On the other hand, suppose we have $i>j>0$ and the game $[i,-j] = [i]-[j]$.
Then $[i]>[j]$ by Lemma 1(iii), while in the game $[i]-[j]-\e$,
Right takes $[i] \to -\frac 1 2$ as before to secure a win.

\noindent{\bf Theorem 2 (Lexicographical Ordering Principle)} : Suppose we 
have positive integers $m_1 \le m_2 \le \dots \le m_r$ and $n_1 \le n_2 \le
\dots \le n_r$. Then
$$ [m_1, m_2, \dots, m_r] < [n_1, n_2, \dots, n_r] $$
if the $r$-tuples satisfy $(m_i)_{i=1}^r < (n_i)_{i=1}^r$ in lexicographical
ordering, i.e. if there exists $1\le i\le r$, such that $m_j = n_j$ for all 
$1\le j<i$ but $m_i < n_i$. 

\noindent{\it Proof.}  First, the theorem holds for $r=1$ and for 
$m_1 = m_2 = \dots = m_r = 1$ (cf. Lemma 1(iii)). With these simple cases
in mind, we now apply induction on the sum $r + \sum_i (m_i + n_i)$.

Let $r\ge 2$ and $G = [n_1, \dots, n_r, -m_1, \dots, -m_r]$. We first prove
that $G\ge 0$. If any $m_i$
and $n_j$ are equal, we may cancel both and apply the induction hypothesis
for $r-1$. So we assume that $m_i \ne n_j$ for any $i,j$. Now if Right has
the first move in $G$, she has the following options:

{\it Case 1} : Take $[n_i] \to -\frac 1 2$, so the right incentive
$\Delta^R = G - G^R = \frac 1 2 + [n_i]$. Then the best choice for Right 
is $[n_r]$. Left may
 counter this move by taking $[m_r] \to \frac 1 2$ to produce
$$ [n_1, n_2, \dots, n_{r-1}, -m_1, -m_2, \dots, -m_{r-1}]$$
which is non-negative by induction hypothesis. So Left wins in this case.

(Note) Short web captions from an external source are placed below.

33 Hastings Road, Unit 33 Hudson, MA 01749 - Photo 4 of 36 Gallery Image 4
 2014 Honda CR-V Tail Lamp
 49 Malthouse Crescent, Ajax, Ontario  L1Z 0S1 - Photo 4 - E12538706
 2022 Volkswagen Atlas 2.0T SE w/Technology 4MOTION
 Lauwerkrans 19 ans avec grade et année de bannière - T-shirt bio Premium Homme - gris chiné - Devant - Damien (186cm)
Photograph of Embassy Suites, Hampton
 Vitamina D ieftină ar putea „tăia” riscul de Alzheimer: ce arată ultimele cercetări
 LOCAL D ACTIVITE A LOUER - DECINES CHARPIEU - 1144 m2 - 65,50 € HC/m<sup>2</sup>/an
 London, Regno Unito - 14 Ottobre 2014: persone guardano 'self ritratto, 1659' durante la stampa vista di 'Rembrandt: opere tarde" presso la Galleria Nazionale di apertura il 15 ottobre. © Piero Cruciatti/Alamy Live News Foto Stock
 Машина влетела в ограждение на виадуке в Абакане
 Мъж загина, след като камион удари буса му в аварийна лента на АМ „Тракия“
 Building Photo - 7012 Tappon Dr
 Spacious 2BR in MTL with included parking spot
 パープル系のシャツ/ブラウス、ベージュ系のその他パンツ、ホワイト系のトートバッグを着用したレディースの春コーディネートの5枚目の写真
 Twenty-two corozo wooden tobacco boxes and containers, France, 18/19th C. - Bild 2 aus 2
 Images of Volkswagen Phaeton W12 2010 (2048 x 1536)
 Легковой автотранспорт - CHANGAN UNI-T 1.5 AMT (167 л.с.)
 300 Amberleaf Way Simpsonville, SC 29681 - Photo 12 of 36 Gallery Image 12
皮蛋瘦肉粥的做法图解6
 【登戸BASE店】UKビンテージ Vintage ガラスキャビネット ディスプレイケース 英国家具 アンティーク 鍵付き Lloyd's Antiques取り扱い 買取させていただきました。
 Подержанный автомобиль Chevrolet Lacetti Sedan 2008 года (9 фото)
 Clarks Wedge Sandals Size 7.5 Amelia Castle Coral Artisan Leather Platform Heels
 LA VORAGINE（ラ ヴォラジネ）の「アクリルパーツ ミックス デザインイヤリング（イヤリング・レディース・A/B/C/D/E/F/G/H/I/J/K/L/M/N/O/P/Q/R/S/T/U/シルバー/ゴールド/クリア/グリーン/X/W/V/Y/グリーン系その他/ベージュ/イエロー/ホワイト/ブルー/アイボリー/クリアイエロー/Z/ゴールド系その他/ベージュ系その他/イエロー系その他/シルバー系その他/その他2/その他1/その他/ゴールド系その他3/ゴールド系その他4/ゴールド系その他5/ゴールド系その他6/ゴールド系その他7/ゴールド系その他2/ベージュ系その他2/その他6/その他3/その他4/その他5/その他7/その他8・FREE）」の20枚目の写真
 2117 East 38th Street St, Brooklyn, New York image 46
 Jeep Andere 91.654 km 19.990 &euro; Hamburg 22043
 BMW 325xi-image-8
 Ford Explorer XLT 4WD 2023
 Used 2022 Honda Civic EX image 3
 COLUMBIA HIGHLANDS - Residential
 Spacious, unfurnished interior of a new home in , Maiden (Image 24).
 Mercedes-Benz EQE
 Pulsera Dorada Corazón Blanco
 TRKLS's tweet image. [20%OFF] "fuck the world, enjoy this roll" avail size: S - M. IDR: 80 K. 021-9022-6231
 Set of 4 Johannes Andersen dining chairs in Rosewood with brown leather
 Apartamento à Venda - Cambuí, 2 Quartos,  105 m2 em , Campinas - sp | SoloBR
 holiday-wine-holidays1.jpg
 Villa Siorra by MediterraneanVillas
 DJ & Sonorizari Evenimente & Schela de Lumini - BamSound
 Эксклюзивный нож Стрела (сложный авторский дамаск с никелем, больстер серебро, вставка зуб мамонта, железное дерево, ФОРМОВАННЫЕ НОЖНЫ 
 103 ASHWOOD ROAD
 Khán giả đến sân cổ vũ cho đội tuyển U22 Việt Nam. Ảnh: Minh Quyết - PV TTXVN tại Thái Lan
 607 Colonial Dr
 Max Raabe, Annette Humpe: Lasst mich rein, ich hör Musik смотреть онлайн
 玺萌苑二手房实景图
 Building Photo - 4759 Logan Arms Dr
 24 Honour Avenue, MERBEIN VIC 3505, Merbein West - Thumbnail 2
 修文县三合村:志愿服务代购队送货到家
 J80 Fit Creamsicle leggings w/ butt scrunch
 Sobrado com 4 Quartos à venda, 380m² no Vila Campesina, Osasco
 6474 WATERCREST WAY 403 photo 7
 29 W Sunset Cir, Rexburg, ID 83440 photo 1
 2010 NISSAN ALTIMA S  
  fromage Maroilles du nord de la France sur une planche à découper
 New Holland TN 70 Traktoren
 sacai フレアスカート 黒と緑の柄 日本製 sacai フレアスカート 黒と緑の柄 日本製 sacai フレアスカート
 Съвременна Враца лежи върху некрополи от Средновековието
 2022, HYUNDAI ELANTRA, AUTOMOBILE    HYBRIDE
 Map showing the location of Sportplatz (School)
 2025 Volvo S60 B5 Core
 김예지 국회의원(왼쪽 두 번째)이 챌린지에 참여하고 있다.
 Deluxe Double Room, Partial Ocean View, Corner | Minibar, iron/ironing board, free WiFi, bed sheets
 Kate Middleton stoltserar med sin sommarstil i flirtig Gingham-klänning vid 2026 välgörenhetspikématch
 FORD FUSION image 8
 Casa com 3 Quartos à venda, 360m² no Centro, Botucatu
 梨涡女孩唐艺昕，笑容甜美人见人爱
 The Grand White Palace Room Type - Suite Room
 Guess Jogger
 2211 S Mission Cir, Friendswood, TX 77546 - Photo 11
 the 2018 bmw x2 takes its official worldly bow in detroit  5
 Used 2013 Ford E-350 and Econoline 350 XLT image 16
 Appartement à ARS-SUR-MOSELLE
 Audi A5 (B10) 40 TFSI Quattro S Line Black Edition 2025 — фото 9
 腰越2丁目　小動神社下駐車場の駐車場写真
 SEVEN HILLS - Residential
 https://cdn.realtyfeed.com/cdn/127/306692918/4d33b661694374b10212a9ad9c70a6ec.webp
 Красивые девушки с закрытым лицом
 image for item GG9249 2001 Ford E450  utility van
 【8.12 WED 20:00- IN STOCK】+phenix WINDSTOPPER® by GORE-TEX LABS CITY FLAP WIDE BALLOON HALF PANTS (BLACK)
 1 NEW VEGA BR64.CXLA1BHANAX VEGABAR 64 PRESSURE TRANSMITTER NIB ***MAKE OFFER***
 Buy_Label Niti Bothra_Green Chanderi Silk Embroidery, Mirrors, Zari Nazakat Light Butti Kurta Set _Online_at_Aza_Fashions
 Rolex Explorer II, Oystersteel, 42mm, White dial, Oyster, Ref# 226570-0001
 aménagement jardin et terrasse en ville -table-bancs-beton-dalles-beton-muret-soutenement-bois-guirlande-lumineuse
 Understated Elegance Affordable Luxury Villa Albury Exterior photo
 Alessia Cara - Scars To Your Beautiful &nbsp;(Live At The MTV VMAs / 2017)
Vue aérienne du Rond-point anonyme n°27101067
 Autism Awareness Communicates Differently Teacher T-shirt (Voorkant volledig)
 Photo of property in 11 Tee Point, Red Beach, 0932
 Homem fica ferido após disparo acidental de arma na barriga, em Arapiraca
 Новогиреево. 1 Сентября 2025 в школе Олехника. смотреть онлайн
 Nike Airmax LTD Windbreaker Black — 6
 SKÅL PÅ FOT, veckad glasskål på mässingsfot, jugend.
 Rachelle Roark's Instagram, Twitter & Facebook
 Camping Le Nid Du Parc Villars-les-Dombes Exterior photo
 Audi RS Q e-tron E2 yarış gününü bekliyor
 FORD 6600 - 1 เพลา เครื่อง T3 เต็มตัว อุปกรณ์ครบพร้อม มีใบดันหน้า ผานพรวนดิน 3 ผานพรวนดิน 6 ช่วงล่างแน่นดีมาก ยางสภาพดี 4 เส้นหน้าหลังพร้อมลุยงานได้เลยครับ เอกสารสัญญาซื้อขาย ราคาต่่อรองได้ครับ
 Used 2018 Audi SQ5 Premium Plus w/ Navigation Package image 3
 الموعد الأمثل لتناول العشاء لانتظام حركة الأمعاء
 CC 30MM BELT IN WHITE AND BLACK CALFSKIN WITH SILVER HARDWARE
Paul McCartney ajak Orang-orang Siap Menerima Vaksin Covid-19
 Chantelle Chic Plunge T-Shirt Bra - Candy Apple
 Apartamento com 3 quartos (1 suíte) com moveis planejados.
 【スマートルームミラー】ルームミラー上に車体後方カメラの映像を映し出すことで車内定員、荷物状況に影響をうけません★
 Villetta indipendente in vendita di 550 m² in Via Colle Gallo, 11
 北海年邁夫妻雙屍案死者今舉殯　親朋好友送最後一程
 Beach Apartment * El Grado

{\it Case 2} : Take $-[m_i] \to -[m_i-1]$ for some $m_i > 1$. Now we
still have $$(m_1, \dots, m_{i-1}, m_i-1, m_{i+1}, \dots, m_r) < (n_1, 
\dots, n_r),$$
so the resulting game from $G$ is positive by induction hypothesis. 
Left still wins.

{\it Case 3} : Take $-[m_i] \to -\frac 1 2$, so $\Delta^R = \frac 1 2
-[m_i]$. Since the smallest $[m_i]$ is $[m_1]$, Right would do best by
moving $G$ to $[n_1, \dots, n_r, -m_2, \dots, -m_r] -\frac 1 2.$
If $m_2 < n_2$ as well, then Left may counter with $[n_1] \to \frac 1 2$
and reduce $G$ to
$$ [n_2, n_3, \dots, n_r, -m_2, -m_3, \dots, -m_r],$$
which is $\ge 0$ by induction hypothesis. Otherwise, $m_2 > n_2$ and
Left responds with $[-m_2] \to \frac 1 2$ leaving
$$ [n_1, n_2, \dots, n_r, -m_3, \dots, -m_r] = [n_1, n_2, \dots, n_r,
-1, -1, -m_3, \dots, -m_r].$$
Since $m_1 \ge 1$ and $m_2 > n_2 \ge 1$, we have reduced the sum
$\sum (m_i + n_i)$, and induction applies. 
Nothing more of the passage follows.